Given the listing below, write out exactly the lines starting with the line that has "2021-2023 Honda Odyssey" and going on through the line that has "Imagem 7: Kitnet", both kept.

* _INFORMATION PROVIDED_:
[Start of section]

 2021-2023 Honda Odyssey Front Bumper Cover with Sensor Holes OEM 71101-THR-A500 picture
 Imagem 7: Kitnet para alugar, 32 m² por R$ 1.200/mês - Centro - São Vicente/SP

[End of section]
[Start of section]

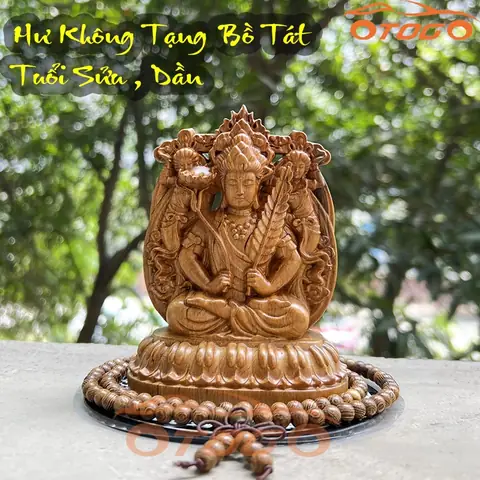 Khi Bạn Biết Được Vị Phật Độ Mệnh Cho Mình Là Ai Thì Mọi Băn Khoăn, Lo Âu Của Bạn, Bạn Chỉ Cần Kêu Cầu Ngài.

[End of section]

* _RESULT FOR THIS EXERCISE_:
 2021-2023 Honda Odyssey Front Bumper Cover with Sensor Holes OEM 71101-THR-A500 picture
 Imagem 7: Kitnet para alugar, 32 m² por R$ 1.200/mês - Centro - São Vicente/SP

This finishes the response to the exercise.